Monte Carlo simulation to determine the measurement uncertainty of a metrological scanning probe microscope measurement

A proprietary metrological scanning probe microscope (SPM) with an interferometer, developed by the Institute of Process Measurement and Sensor Technology at the Ilmenau University of Technology (IPMS), is used as a stationary probe system in the nanomeasuring and nanopositioning machine (NPMM). Due to the movements of the NPMM, the total microscope measuring range is 25mm × 25mm × 5mm with a positioning resolution of less than 0.1nm. Examples for specimens are step height standards and one-dimensional gratings. The repeatability has been determined at less than 0.5nm for measurements on calibrated step height standards and less than 0.2nm for the gratings. The measurement results of these samples are always directly related to the corresponding measurement uncertainty, which can be calculated using an uncertainty budget.
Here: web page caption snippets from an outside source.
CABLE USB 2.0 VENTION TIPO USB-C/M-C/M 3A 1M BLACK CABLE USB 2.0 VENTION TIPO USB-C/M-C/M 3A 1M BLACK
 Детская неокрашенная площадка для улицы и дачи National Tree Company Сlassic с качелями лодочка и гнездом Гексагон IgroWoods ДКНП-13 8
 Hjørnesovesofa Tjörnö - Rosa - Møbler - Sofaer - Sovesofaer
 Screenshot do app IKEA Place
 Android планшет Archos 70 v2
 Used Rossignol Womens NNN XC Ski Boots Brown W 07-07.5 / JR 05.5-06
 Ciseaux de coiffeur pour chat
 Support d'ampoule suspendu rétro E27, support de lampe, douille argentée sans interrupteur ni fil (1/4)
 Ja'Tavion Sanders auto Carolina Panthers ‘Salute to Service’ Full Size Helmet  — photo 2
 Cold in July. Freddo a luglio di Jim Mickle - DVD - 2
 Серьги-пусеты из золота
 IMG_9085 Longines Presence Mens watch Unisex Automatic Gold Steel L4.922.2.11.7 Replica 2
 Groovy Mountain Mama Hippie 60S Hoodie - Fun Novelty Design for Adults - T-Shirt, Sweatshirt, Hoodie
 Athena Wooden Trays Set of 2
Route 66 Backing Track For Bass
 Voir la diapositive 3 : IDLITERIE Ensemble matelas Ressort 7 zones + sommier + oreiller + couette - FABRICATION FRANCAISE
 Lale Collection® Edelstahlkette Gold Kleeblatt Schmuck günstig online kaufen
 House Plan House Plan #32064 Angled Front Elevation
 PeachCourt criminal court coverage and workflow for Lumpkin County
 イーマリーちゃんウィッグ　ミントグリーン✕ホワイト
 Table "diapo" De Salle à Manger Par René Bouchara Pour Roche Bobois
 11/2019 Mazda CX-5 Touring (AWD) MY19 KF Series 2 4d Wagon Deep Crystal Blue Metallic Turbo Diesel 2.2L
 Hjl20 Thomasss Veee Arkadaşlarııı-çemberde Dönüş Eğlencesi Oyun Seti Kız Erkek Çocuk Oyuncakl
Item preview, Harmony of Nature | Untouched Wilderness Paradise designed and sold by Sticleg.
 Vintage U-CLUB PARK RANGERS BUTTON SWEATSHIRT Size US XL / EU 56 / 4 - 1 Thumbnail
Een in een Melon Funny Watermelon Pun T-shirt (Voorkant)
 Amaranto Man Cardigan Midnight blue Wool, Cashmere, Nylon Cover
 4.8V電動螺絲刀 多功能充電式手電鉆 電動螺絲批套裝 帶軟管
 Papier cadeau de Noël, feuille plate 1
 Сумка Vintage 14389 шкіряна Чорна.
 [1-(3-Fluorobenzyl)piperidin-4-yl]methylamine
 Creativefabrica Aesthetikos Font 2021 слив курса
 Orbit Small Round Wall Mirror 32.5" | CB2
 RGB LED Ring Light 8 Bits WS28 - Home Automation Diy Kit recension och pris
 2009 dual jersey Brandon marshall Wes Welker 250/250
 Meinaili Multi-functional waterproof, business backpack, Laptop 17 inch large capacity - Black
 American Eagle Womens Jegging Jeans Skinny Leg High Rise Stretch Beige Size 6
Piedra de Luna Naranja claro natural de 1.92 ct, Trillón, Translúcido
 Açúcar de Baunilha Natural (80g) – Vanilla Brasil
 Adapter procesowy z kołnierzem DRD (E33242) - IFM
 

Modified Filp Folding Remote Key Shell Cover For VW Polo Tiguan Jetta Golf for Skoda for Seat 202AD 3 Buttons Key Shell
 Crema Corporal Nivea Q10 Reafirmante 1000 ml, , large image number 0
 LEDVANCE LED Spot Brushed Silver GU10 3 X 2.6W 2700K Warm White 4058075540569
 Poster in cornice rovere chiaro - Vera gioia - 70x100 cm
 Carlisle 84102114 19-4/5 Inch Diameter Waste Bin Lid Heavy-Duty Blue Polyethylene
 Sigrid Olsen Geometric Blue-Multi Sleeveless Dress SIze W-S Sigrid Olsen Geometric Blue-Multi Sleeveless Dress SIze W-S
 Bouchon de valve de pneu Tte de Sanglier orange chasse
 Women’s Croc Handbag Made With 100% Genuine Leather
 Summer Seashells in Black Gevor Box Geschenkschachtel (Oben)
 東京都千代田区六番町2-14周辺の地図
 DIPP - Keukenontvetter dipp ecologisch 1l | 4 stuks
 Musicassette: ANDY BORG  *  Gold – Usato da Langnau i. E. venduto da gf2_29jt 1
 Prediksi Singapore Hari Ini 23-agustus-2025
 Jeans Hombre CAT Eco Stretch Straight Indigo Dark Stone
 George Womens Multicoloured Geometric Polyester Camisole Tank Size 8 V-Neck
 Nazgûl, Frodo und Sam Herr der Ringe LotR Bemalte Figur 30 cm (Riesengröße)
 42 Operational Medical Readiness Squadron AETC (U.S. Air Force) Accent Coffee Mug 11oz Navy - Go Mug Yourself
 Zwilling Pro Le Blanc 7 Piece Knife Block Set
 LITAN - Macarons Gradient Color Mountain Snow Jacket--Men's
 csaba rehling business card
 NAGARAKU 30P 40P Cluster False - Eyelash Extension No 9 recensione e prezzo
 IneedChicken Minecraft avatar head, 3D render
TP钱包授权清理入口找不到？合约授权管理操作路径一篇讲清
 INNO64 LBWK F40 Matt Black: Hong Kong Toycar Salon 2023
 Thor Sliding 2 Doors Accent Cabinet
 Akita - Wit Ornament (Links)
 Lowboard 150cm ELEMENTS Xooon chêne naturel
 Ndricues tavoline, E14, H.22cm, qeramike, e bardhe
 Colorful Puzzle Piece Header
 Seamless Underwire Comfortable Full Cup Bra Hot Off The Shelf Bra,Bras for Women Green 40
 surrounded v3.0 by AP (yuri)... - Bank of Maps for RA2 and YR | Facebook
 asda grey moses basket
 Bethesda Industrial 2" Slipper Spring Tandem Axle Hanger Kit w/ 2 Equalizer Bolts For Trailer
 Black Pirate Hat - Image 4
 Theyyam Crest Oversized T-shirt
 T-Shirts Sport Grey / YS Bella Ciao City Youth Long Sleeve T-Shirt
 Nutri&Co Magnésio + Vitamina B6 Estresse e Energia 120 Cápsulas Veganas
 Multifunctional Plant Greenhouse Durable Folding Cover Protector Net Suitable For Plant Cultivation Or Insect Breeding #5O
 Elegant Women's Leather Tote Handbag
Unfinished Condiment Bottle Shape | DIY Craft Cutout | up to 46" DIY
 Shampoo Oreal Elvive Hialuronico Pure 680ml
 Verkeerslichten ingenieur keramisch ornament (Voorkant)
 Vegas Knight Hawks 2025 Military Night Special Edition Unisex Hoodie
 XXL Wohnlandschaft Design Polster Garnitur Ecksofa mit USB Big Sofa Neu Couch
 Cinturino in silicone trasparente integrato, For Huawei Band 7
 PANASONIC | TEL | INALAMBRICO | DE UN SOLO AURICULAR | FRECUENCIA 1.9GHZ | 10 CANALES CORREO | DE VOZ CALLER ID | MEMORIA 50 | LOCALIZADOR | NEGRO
A new traceable method has been developed using a vectorial modular model. With this approach, it is possible to quickly insert new sub-models and to individually analyze their effects on the total measurement uncertainty. The analysis of these effects with regard to their uncertainties is done by Monte Carlo Simulation (MCS), because some models have partially or fully nonlinear character of which one example is the interferometer model of the metrological SPM. The complete development and analysis of these models is presented for one specific measurement task. The measurement results and the corresponding measurement uncertainty were obtained by Monte Carlo Simulation. Comparisons with the GUM have shown that the proposed procedure is a good alternative to achieve reasonable measurement results with uncertainty estimation.